Marjorie Hope Nicolson (February 18, 1894 – March 9, 1981) was an American literary scholar. She was elected a member of the American Philosophical Society in 1941 and a Fellow of the American Academy of Arts and Sciences in 1955.

Early life and education
Nicolson was the daughter of Charles Butler Nicolson, editor-in-chief of the Detroit Free Press during World War I and later that paper's correspondent in Washington, DC, and Lissie Hope Morris.

Nicolson graduated from the University of Michigan with a B.A. degree in 1914, followed by her M.A. in 1918. Afterwards, she attended Yale, where she received a Ph.D. in 1920, where she was the first woman to receive the distinguished John Addison Porter Prize for her dissertation.

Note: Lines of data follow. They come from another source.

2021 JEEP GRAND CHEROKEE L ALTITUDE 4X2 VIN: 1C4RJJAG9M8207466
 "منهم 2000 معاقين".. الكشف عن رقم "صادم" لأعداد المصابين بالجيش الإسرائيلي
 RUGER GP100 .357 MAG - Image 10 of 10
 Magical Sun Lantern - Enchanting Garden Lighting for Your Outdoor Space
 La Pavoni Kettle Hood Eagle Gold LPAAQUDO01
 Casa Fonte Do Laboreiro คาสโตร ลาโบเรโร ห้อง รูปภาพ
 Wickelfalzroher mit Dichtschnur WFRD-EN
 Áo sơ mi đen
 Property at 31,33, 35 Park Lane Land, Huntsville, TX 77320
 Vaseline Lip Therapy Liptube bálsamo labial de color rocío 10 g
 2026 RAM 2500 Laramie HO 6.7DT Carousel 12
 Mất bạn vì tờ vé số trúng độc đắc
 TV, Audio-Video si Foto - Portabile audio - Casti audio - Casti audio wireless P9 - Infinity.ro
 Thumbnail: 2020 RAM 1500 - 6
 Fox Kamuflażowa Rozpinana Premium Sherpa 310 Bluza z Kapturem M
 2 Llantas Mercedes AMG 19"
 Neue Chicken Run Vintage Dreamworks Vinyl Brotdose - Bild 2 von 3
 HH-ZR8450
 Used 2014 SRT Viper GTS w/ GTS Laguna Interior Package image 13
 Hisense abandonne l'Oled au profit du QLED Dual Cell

She taught first at the University of Michigan and was granted an assistant professorship before continuing her graduate study at Johns Hopkins College from 1923–1926. While at Johns Hopkins, Nicolson continued to teach at Goucher College. In 1926, she left for England to study as one of the early Guggenheim fellows.

Career 
After her studies in Europe, Nicolson returned to the United States to continue her research and to teach at Smith College. She was first an associate professor from 1926–1929, before becoming a professor of English literature and Dean from 1929 until 1941. During her time at Smith College, Nicolson was a strong ally of President Neilson and defender of women's right to have a real academic education. 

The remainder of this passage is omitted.